On Thu, Oct 13, 2011 at 5:36 PM, Ben Blum <bblum@andrew.cmu.edu> wrote:
> Convert ss->attach to take a flex_array of tasks instead of just the leader.
>
> From: Ben Blum <bblum@andrew.cmu.edu>
>
> This lets subsystems with whole-threadgroup attach calls (i.e., cpuset and
> memcontrol) to accurately find the group's mm even when a non-leader does exec
> and leaves the leader with a NULL mm pointer.
>
> Also converts cpuset and memcontrol to take the flex_array and iterate down it
> until an mm is found, instead of just attempting to use the leader's mm.
>
> Signed-off-by: Ben Blum <bblum@andrew.cmu.edu>

Reviewed-by: Paul Menage <paul@paulmenage.org>

Thanks,
Paul

> ---
>  Documentation/cgroups/cgroups.txt |    7 ++++++-
>  include/linux/cgroup.h            |    4 +++-
>  kernel/cgroup.c                   |   16 +++++++++++++---
>  kernel/cpuset.c                   |   16 ++++++++++++++--
>  mm/memcontrol.c                   |   17 +++++++++++++++--
>  5 files changed, 51 insertions(+), 9 deletions(-)
>
> diff --git a/Documentation/cgroups/cgroups.txt b/Documentation/cgroups/cgroups.txt
> index 3fa646f..8e900ec 100644
> --- a/Documentation/cgroups/cgroups.txt
> +++ b/Documentation/cgroups/cgroups.txt
> @@ -637,12 +637,17 @@ For any non-per-thread attachment work that needs to happen before
>  attach_task.
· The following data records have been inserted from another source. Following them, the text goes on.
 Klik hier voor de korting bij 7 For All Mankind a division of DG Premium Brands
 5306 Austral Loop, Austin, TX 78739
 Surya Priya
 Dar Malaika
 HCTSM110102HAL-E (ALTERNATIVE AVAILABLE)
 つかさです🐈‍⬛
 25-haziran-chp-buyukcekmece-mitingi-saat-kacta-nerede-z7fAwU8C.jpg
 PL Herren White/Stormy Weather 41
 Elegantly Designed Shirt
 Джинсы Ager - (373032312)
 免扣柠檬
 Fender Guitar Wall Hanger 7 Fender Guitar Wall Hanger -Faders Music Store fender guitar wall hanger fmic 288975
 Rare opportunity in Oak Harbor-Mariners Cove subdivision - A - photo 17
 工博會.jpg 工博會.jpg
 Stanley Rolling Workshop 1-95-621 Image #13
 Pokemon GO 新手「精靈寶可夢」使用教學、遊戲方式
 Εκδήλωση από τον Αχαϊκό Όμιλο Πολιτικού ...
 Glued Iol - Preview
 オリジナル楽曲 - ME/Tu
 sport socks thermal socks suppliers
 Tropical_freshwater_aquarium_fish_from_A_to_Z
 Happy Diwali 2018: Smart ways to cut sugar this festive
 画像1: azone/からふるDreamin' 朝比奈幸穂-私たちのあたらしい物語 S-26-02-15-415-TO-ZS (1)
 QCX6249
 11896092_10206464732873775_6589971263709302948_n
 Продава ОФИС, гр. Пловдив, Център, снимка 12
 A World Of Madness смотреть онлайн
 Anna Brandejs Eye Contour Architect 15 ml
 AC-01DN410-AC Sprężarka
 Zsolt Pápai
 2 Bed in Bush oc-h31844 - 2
Needed by cpuset.
>
>  void attach(struct cgroup_subsys *ss, struct cgroup *cgrp,
> -           struct cgroup *old_cgrp, struct task_struct *task)
> +           struct cgroup *old_cgrp, struct flex_array *group,
> +           int group_size)

Maybe flex_array should have a size field, so that you can just pass a
single pointer here?

> @@ -1452,7 +1455,16 @@ static void cpuset_attach(struct cgroup_subsys *ss, struct cgroup *cont,
>         */
>        cpuset_attach_nodemask_from = oldcs->mems_allowed;
>        cpuset_attach_nodemask_to = cs->mems_allowed;
> -       mm = get_task_mm(tsk);
> +       /*
> +        * Find the first task in the group that still has its mm. (This could
> +        * be not the first one if another did exec() and the leader exited.

Maybe rephrase this as "This might not be the first one"?

Paul

^ permalink raw reply	[flat|nested] 63+ messages in thread

[parent not found: <20110728062616.GC15204-japSPQJXeIlCM1neWV3AGuCmf2DRS9x2@public.gmane.org>]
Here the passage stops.